DATA SUPPLIED below:

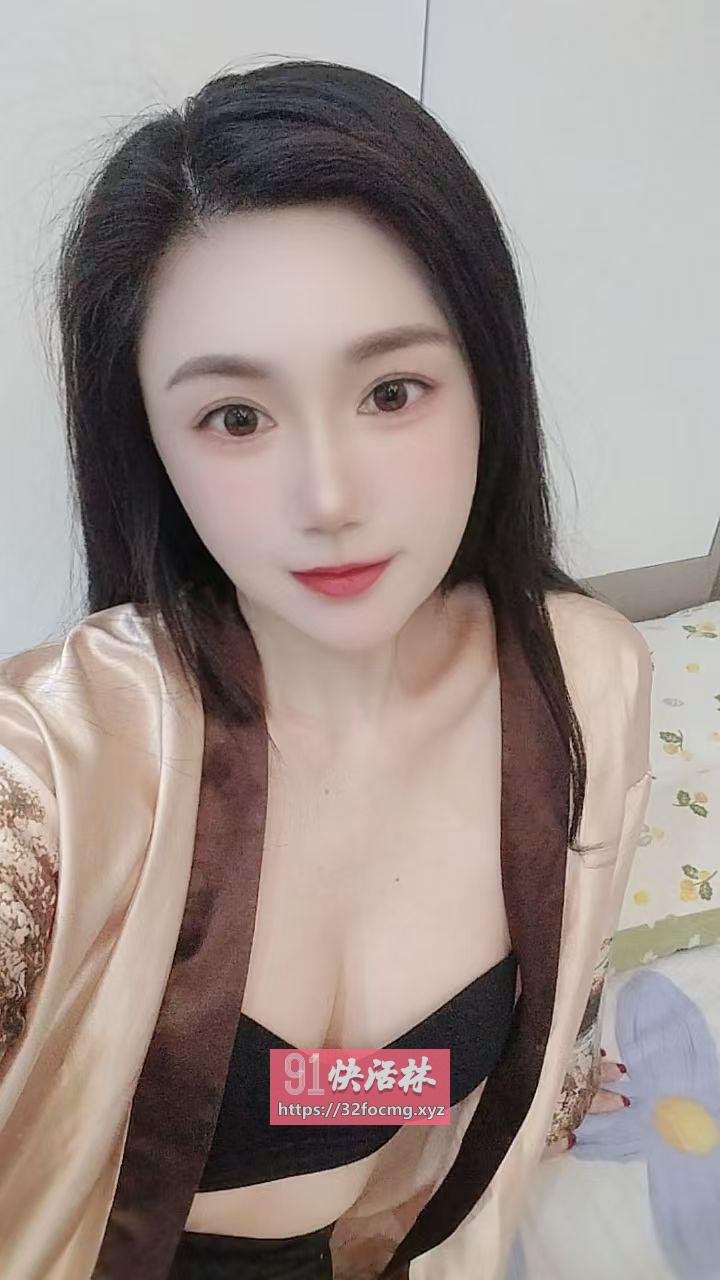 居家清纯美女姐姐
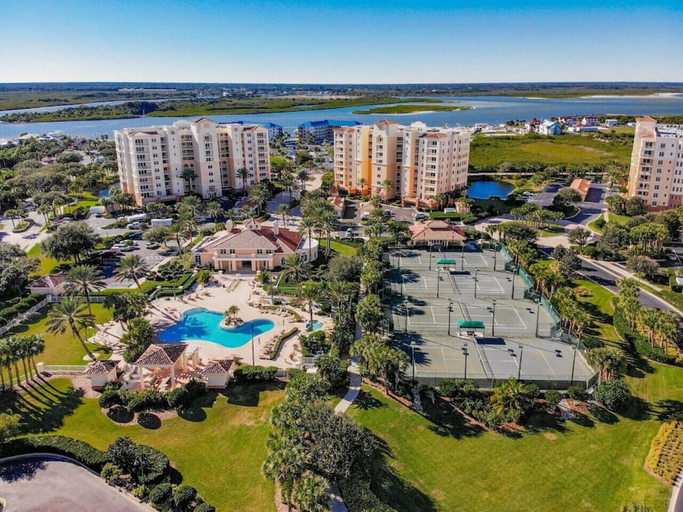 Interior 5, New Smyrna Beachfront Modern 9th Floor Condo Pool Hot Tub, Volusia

End of DATA SUPPLIED.
DATA SUPPLIED below:

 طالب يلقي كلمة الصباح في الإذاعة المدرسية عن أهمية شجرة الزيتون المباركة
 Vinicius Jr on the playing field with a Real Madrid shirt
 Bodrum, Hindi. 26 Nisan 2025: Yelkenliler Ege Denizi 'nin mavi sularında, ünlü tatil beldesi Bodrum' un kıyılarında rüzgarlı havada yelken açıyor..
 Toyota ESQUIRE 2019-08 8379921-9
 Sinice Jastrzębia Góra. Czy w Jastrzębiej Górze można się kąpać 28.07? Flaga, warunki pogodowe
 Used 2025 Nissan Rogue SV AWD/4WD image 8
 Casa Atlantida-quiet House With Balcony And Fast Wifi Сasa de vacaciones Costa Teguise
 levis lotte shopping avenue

End of DATA SUPPLIED.
DATA SUPPLIED below:

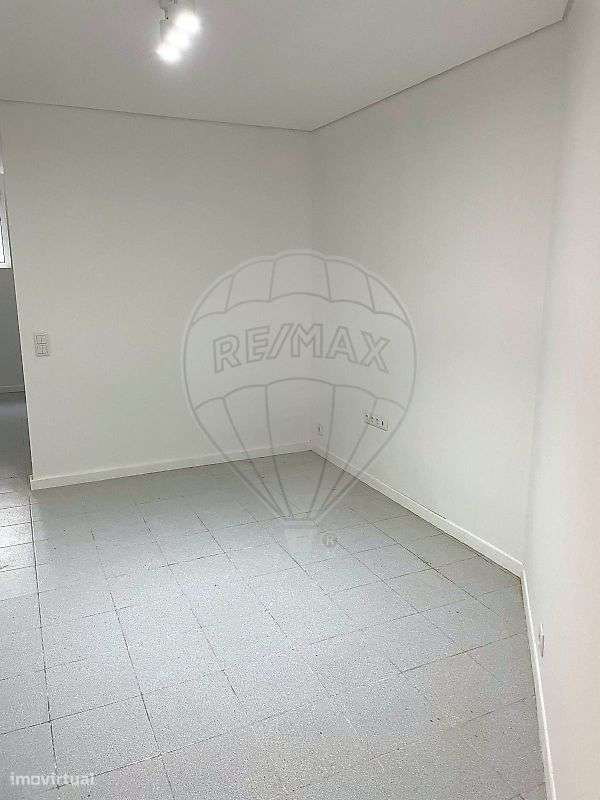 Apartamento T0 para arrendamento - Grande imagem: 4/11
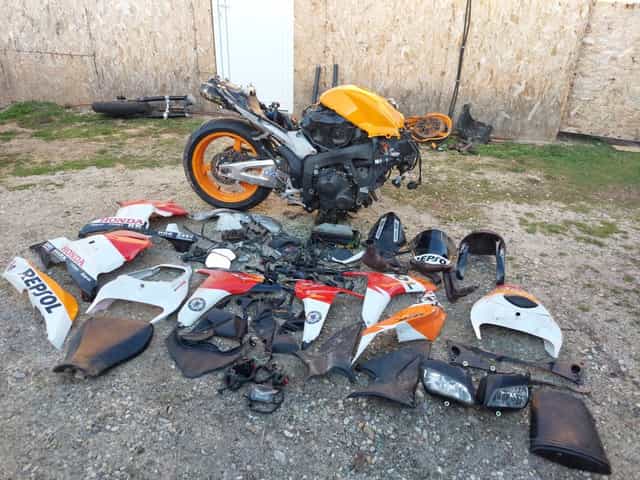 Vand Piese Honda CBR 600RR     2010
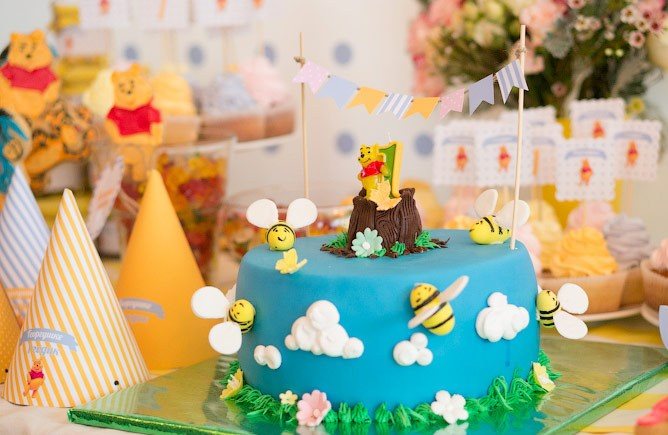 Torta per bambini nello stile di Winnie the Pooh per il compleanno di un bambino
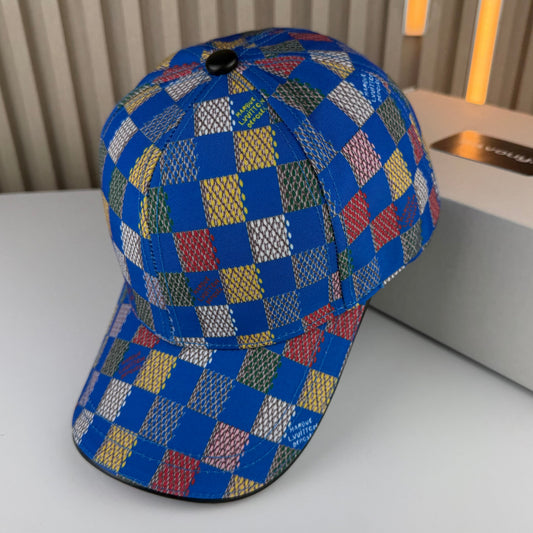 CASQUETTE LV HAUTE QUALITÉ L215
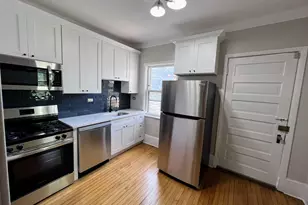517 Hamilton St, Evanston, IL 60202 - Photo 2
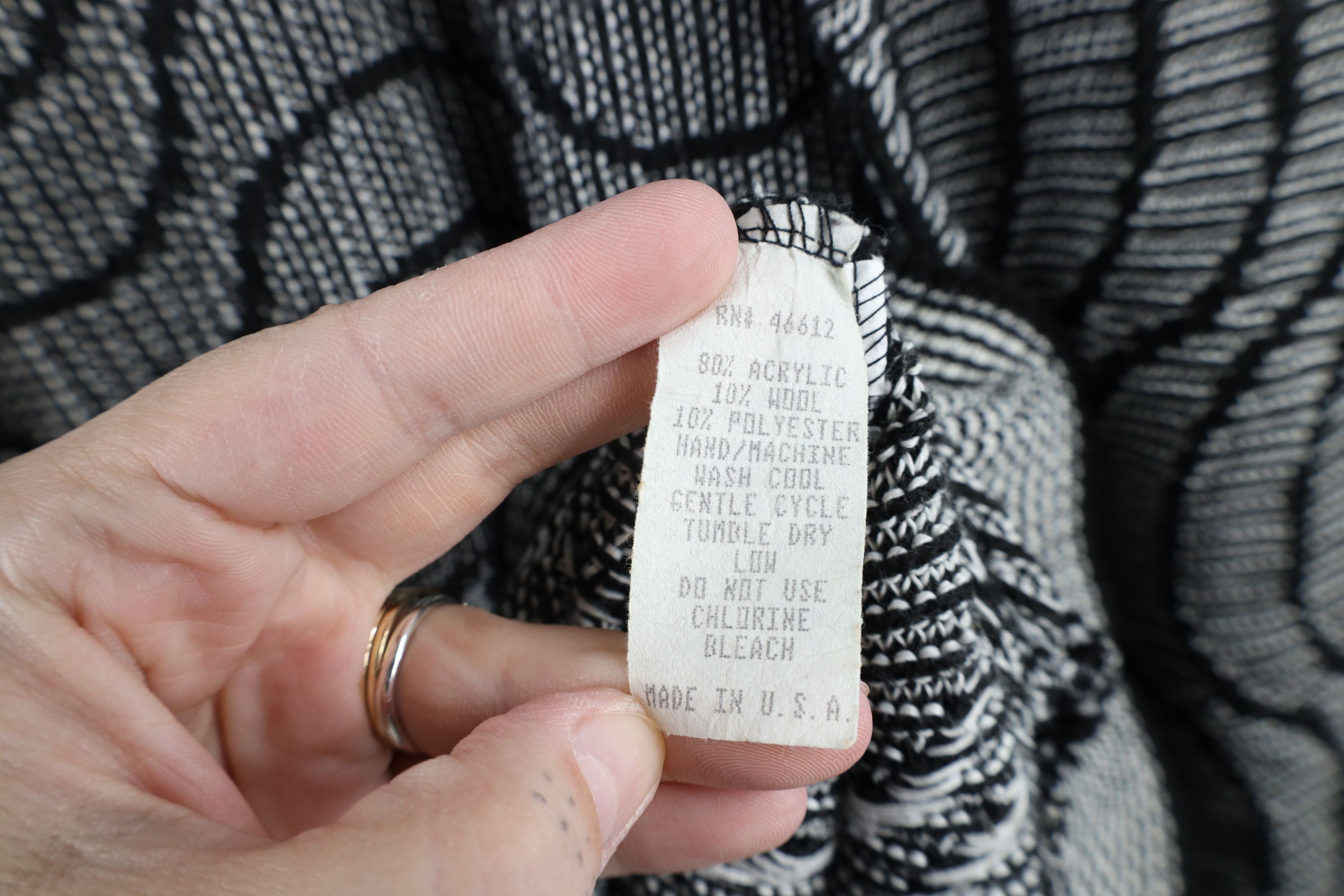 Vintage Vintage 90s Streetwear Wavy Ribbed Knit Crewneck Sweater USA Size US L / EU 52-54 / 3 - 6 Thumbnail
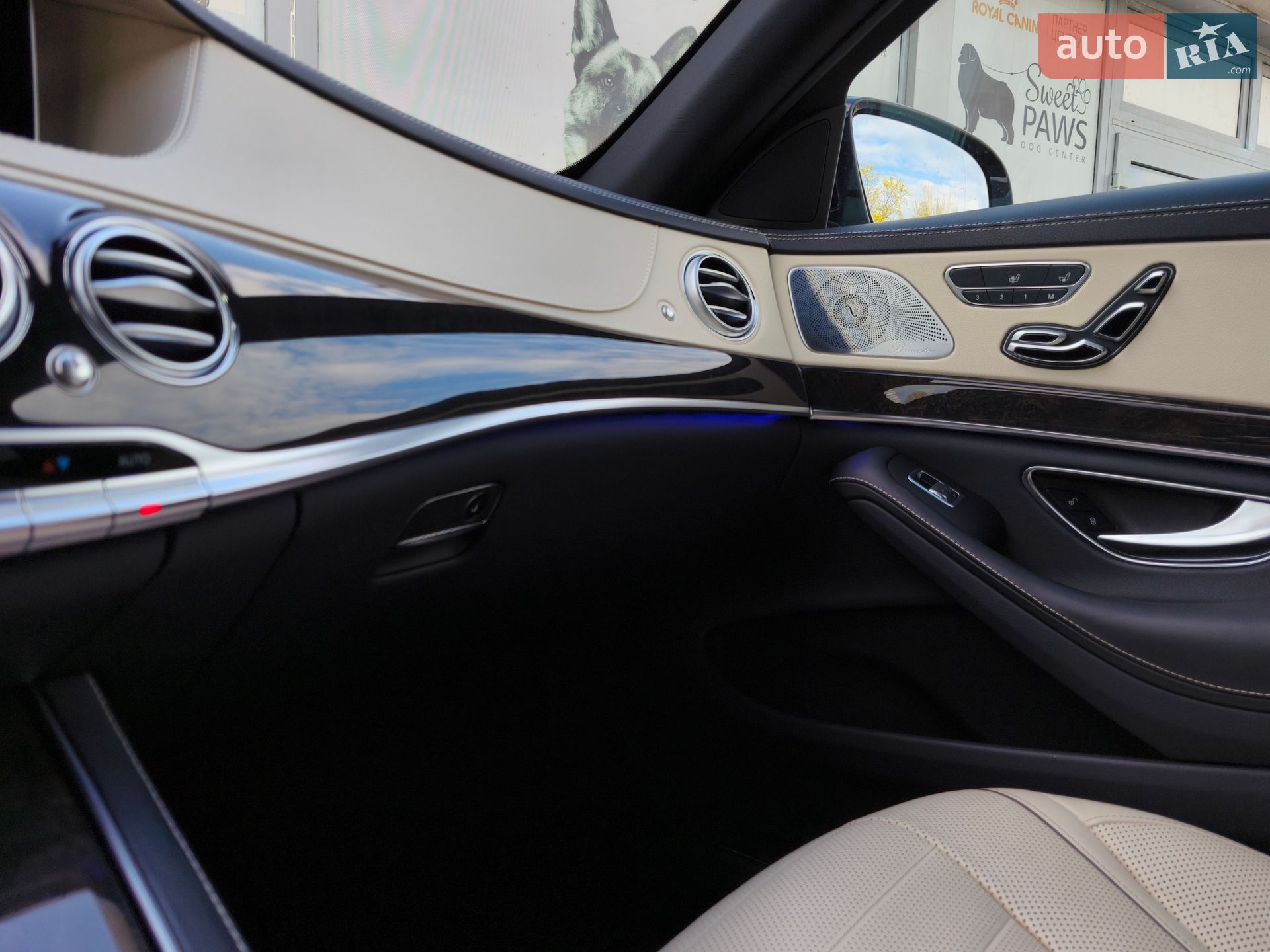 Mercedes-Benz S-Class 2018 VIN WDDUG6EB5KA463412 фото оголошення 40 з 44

End of DATA SUPPLIED.

Using the entries above, transcribe exactly from the line that has "Apartamento T0 para" through the line that has "Mercedes-Benz S-Class 2018". Pictures are dropped.

## RESULT FOR THIS TASK:
 Apartamento T0 para arrendamento - Grande imagem: 4/11
 Vand Piese Honda CBR 600RR     2010
 Torta per bambini nello stile di Winnie the Pooh per il compleanno di un bambino
 CASQUETTE LV HAUTE QUALITÉ L215
517 Hamilton St, Evanston, IL 60202 - Photo 2
 Vintage Vintage 90s Streetwear Wavy Ribbed Knit Crewneck Sweater USA Size US L / EU 52-54 / 3 - 6 Thumbnail
 Mercedes-Benz S-Class 2018 VIN WDDUG6EB5KA463412 фото оголошення 40 з 44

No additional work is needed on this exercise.